Marcus Morris was always the better twin. At Kansas, he was the one who was a second-team All-American, lauded for leading his team to Final Fours. But at the 2011 NBA draft, Marcus heard the name of his brother, Markieff Morris, called first when Markieff was draft by the Phoenix Suns with the 13th pick. No one was more surprised than Marcus, who was seen wiping tears from his eyes before he found out he was taken with the next pick by the Houston Rockets.
On Wednesday night, Marcus and Markieff were reunited on the Phoenix Suns. The Rockets shipped Marcus out as part of a three-team trade that netted Houston Thomas Robinson — teammate of the Morris twins for two years at Kansas — Tyler Honeycutt, and Francisco Garcia. As part of the deal, Houston received a future second-round pick from the Suns in exchange for Morris.
Marcus Morris spent much of his rookie year in the NBA D-League, playing for the Rio Grande Valley Vipers, while Markieff enjoyed surprising success shooting three-pointers on passes from Steve Nash. This year, Marcus has played himself into a substantial role of his own, averaging 8.6 points, 4.1 rebounds and 38.1 percent shooting from three-point land in 21.4 minutes per game.
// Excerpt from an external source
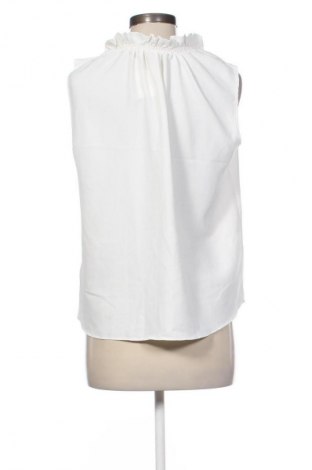 Damentop H&M, Größe S, Farbe Weiß, Preis € 14,82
It's hard to imagine a scenario in which the Suns play the Morris twins together, other than the occasional small-ball lineup, but there will be identical production (get it?) regardless of which one is on the floor. In Markieff's time this year, he's shot poorly from long range. His PER has stayed the same, however, going from 12.1 as a rookie to 12.2 this year in 20 minutes of play per game.
The Morrisses will still likely back up Luis Scola, and Suns fans will be happy to see either cut into Michael Beasley's playing time. As far as chemistry goes, it's hard to imagine this hurting at all, unless everyone else gets all fed up with the dumb inside jokes the twins tell each other.
Can't explain this feeling!!!— Keef Morris(@Keefmorris) February 21, 2013
There's not a short history of twins playing in the NBA. The Lopez twins, Robin and Brook, are the bannermen currently, as both are starting centers and Brook recently made his first All-Star appearance. Before them, there were Jason and Jarron Collins, also Stanford alumni centers. Before them, there were Harvey and Horace Grant.
This isn't even the first time in NBA history twins have played on the same team. Tom and Dick Van Arsdall played together in their last season in the NBA, the 1976-'77 season. The guards — and you can't make this stuff up — played for the Phoenix Suns that year.